Fired up about ancient art
Every year Bridge Pa residents Bruce and Estelle Martin watch a full 12 months’ work go up in flames – and they couldn’t be happier.
Bruce and Estelle, professional potters for the last 20 years or so, fire all their pottery at one sitting in an anagama kiln, using a process which dates back more than 800 years.
The kiln, which is half-built into the ground of the Martins’ property, called Kamaka, at Bridge Pa, processes about 1000 pots at once, producing natural glazes of pink, matt white, green and a reddish-brown depending on ash and clay content.
The one firing requires a concentrated effort for 10 days when friends and fellow potters gather to help and stoke the kiln 24-hours-a-day.

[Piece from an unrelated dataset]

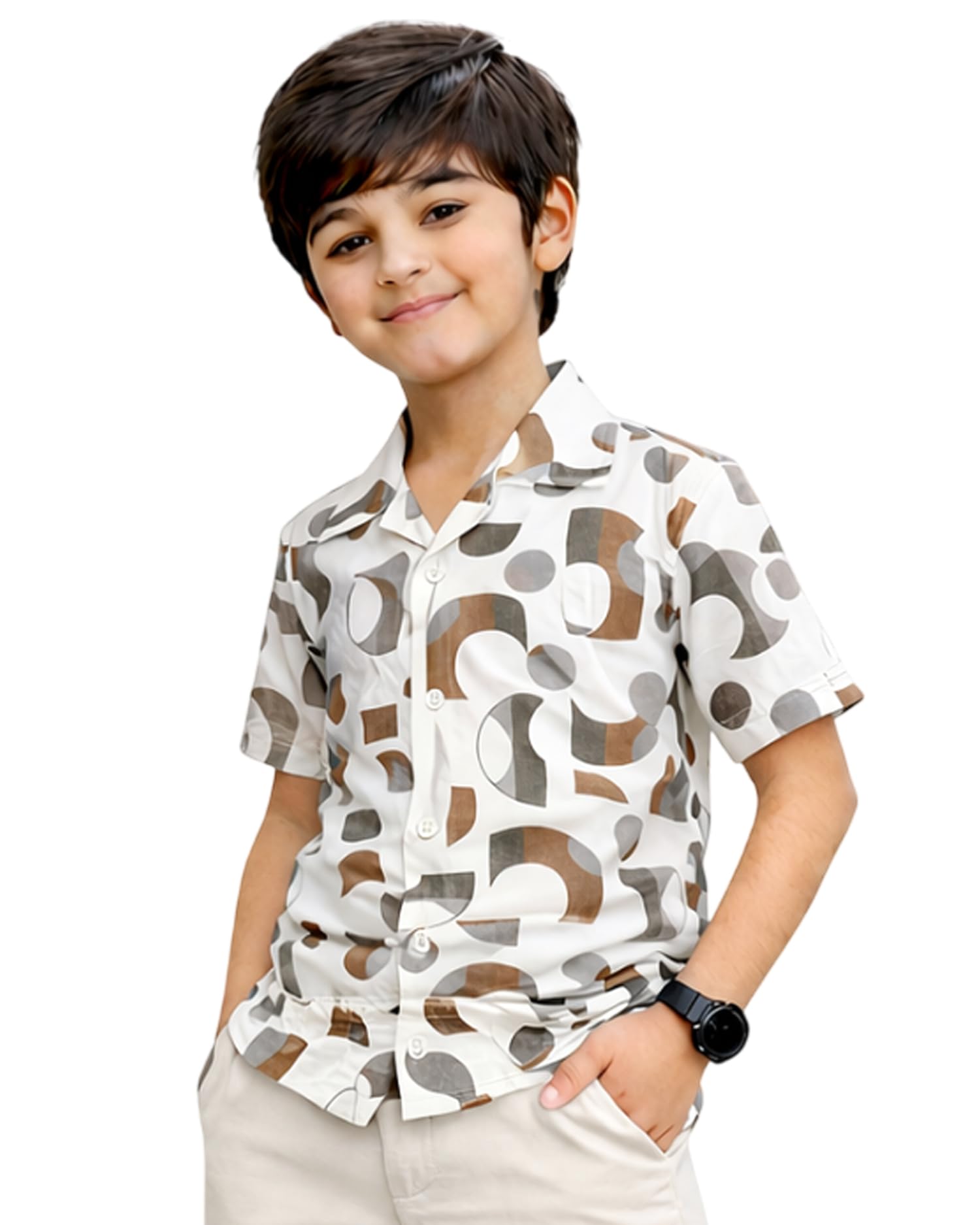 Kuchipoo Boys Printed Collar Shirt | Half Sleeve Casual Shirt | Stylish Summer Wear for Boys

Cutting and splitting the wood used is a large under-taking, with about 20 to 25 tonnes of pine needed for each firing and this is split into various sizes and lengths for stoking. Bruce estimates he walks about 100 kilometres carrying wood to and from the kiln.
The helpers work in shifts to stoke the kiln, speeding up their activities as the fire box increases in temperature to about 1300 degrees celsius with the kiln stoked every five to seven minutes.
During the 10 days’ work, the Martins exist on only three or four hours’ sleep in every 24 hours but they say they are too “buoyed up” to sleep in any case.
“When it reaches 1300 degrees celsius, 20 minutes’ lapsed attention could mean the pottery is ruined,” Bruce said.
After the firing, the kiln takes about 10 days to cool and then unloading begins.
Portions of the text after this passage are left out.